Re: Trailing content in JSON-LD

As someone writing software to make requests for JSON-LD documents and
parse them, I am really not interested in trying to figure out how to parse
the input you provided. There could be thousands of different ways a
response could contain a fragment that is a valid JSON-LD document and
_other stuff_, and I don't want to support one case of _other stuff_,
because there's no end to the possibilities of what else I might find. If I
request 'application/ld+json', I don't want anything other than the
document that I can send straight to my JSON parser.

Nate

On Sun, Aug 23, 2015 at 11:00 AM, Andy Seaborne <andy@seaborne.org> wrote:

>
>
> On 23/08/15 18:34, Gregg Kellogg wrote:
>
> However, as a practical matter, JSON may be included in and HTML script
>> tag, which could conceivably be in CDATA. Sometimes other non-JSON comment
>> (such as a // comment) is also found). Because these are seen in the wild,
>> my reader removes everything preceding “{“ or “[“ and everything trailing
>> “}” or “]” to look for a valid JSON document. The specific substitution
>> pattern I use is the following:
>>
>> input.to_s.sub(%r(\A[^{\[]*)m, '').sub(%r([^}\]]*\Z)m, ‘')
>>
>> While this is technically invalid IMO, practically speaking not eating
>> such garbage will break real-world usage (perhaps mostly in schema.org
>> examples).

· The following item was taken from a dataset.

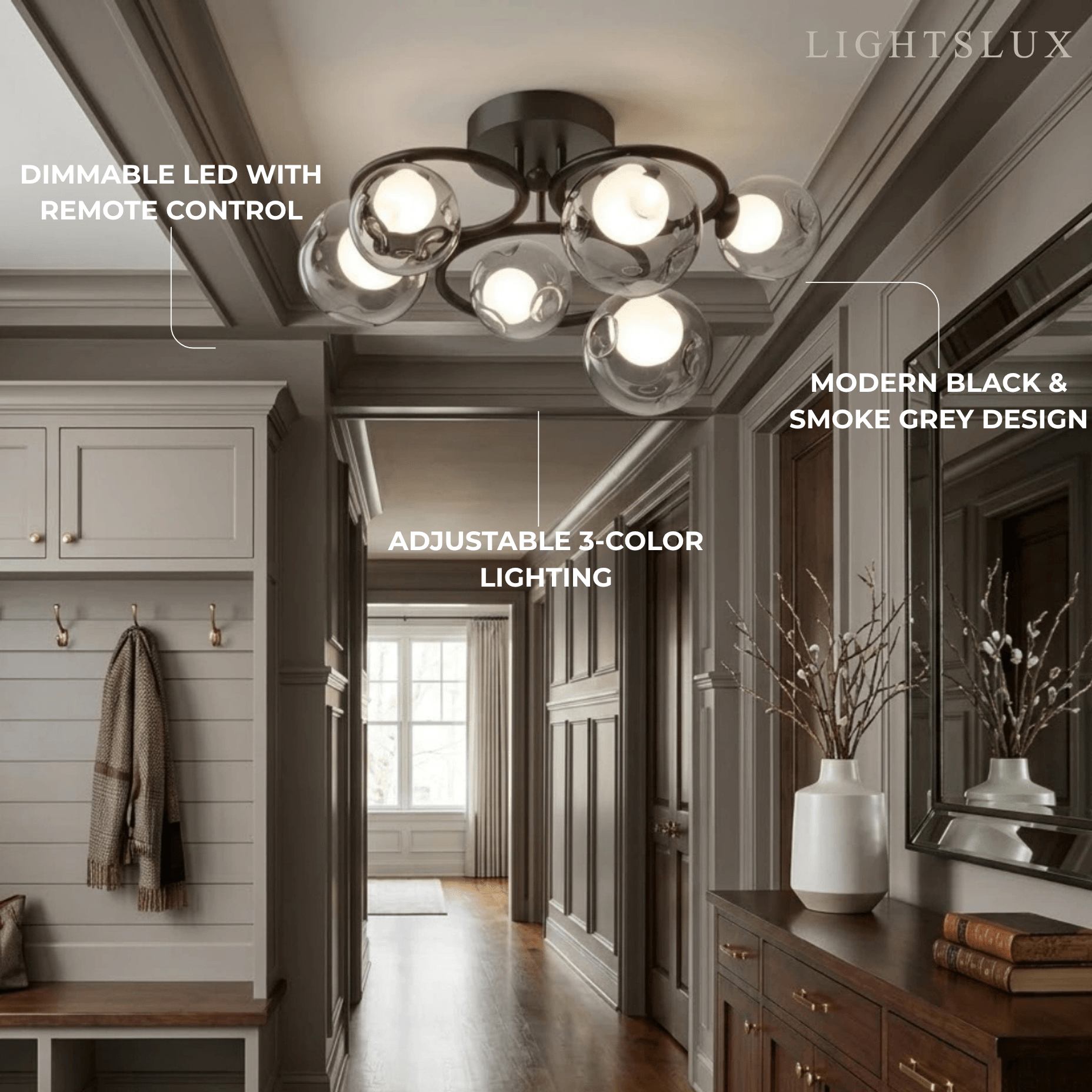 Stellar Modern Semi-Flush Ceiling Light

I could see generating an error if this is seen when validating,
>> but otherwise I’m inclined to eat such garbage in my implementation.
>>
>
> Agreed, embedding is important.
>
> I think it's better to talk about an extraction step to identify the
> content before invoking the JSON(-LD) specs.  There may be escaping or
> encoding issues from the enclosing content.  I see chopping junk as an
> example of such a step.
>
>         Andy
>
>

Received on Sunday, 23 August 2015 18:28:42 UTC